I’m not very impressed with Ryan’s plan either, but I find your analysis and facts a bit lacking in a couple spots. You seem to deride Ryan’s prediction for the next 65 years as ludicrous. Ryan’s prediction for the next 65 years isn’t meant to be what he thinks will happen, it’s what he’s saying will happen if we make no changes to the system as it stands right now, which are two very different things. I doubt he thinks we’ll actually reach 80% of GDP in government spending, since we’ll have to do something before then… which is kind of his whole point, isn’t it? He’s trying to point out how bad things would get if we didn’t change anything and advocating that we start making changes (albeit, some of the proposed changes are dumb) now. As for the facts, under the Ryan plan The House Ways and Means Committee would not have to find an additional $19 billion over the next 10 years. They would need to find an additional $19 trillion to balance the budget.

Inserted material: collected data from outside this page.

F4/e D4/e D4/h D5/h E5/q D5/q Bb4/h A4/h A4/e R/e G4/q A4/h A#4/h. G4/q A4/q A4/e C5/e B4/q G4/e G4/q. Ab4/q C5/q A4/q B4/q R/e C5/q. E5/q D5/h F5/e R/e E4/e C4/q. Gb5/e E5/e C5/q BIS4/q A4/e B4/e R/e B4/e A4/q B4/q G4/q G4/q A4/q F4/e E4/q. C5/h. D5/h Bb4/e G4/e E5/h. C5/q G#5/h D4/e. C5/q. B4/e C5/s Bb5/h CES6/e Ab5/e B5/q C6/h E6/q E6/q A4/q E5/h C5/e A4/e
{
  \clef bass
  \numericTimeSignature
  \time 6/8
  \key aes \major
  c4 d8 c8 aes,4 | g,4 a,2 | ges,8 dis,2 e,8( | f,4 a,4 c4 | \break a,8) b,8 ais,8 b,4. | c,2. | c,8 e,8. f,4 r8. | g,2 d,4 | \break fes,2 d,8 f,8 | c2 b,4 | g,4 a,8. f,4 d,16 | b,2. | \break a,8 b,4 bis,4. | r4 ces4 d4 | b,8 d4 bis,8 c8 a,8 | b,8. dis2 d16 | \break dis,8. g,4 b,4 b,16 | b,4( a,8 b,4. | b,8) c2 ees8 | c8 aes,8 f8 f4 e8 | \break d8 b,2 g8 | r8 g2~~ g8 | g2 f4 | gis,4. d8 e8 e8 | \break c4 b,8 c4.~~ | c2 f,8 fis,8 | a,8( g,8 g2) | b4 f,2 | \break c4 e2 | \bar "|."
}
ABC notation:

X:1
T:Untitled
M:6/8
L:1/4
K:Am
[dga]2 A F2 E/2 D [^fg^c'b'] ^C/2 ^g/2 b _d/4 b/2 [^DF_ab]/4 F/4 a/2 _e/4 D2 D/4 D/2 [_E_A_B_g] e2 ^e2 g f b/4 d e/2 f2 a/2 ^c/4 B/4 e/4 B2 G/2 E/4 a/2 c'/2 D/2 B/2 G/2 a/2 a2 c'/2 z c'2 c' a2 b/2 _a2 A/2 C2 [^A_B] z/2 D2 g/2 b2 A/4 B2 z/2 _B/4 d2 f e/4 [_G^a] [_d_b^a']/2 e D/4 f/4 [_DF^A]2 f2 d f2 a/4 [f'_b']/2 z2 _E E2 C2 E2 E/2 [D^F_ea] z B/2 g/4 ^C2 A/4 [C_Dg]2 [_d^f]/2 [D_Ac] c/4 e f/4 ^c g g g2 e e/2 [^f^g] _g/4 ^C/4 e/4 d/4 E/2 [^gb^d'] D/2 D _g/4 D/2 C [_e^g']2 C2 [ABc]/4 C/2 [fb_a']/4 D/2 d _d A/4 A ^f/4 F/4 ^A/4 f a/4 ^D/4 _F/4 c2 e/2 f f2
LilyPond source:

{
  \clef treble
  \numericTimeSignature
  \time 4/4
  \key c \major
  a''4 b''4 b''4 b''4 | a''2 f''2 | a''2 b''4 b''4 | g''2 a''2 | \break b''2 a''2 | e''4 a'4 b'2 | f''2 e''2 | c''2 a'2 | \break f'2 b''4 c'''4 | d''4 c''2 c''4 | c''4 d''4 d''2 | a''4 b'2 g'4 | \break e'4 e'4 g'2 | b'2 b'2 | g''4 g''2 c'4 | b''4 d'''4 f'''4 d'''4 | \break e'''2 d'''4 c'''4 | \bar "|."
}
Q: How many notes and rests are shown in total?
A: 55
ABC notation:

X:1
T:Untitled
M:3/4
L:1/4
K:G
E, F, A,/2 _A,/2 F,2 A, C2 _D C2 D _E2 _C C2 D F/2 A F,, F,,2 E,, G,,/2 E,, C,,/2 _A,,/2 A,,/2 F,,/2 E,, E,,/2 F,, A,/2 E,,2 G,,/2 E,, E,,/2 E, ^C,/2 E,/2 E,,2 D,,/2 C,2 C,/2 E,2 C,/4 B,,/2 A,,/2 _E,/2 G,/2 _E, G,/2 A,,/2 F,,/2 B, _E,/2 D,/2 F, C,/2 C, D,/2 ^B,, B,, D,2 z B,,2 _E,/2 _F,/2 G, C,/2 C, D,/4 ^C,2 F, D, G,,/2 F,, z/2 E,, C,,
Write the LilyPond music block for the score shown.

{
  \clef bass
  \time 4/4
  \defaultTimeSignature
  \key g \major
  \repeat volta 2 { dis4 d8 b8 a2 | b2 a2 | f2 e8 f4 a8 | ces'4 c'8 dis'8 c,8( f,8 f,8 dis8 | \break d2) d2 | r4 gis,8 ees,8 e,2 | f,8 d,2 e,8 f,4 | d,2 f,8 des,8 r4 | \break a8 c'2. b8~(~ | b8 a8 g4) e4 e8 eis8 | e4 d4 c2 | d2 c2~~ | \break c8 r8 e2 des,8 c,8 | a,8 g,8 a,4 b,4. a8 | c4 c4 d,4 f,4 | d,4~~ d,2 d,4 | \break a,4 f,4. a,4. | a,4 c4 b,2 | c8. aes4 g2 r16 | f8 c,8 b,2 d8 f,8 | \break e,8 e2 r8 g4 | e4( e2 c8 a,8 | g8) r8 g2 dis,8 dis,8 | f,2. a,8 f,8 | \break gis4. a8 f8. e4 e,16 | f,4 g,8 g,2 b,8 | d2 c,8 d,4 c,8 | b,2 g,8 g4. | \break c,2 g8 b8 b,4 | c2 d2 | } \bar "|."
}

My issue with the graphs is not that they accurately reflect what Ryan thinks what will happen, but that they are entirely misleading (and highly inaccurate). In the text describing the second graph shown above, Ryan criticizes the current trajectory for bringing both spending AND revenue to historic levels (the current historic high for spending vs. GDP was just shy of 55% during WWII).
First, the graph itself shows revenue levels wouldn’t even be at record levels (they overtook his projection at 21% of GDP around 1998). Second, projecting a simple-function positive slope as the future of spending to an 80% of GDP level is simply theater of the absurd. Third, it contradicts his own central tenet, that current spending and taxing rates will kill economic performance (thus negatively affecting GDP), which would completely change the slopes of those functions.
Ultimately, it looks like Ryan took a wooden ruler, lined it up against the last levels the CBO calculated, and drew straight lines from there. It’s ridiculous. And, as I said in the original article, it would get me fired, as a journalist, if I presented them in the same way Ryan does.
As for the $19 billion, no, that’s a correct figure. The Ryan Plan proposes cutting an additional $19 billion from future non-defense, discretionary spending beyond what was already agreed to in the debt-ceiling negotiations. This clearly won’t balance the budget in and of itself, nor is it meant to. The timeline for budget-balancing, by Ryan’s own report, is 30 years. And that factors in his growth targets (which he can’t account for), an ultimate 50% reduction in non-defense, discretionary spending levels (not being given an adjustment for inflation), and cuts to entitlement programs like Medicaid, Medicare, and Social Security.
The last bit would have to take place beyond the 10-year horizon due to promises being made by Republicans to not touch either Medicare or Social Security for those currently 55 and older.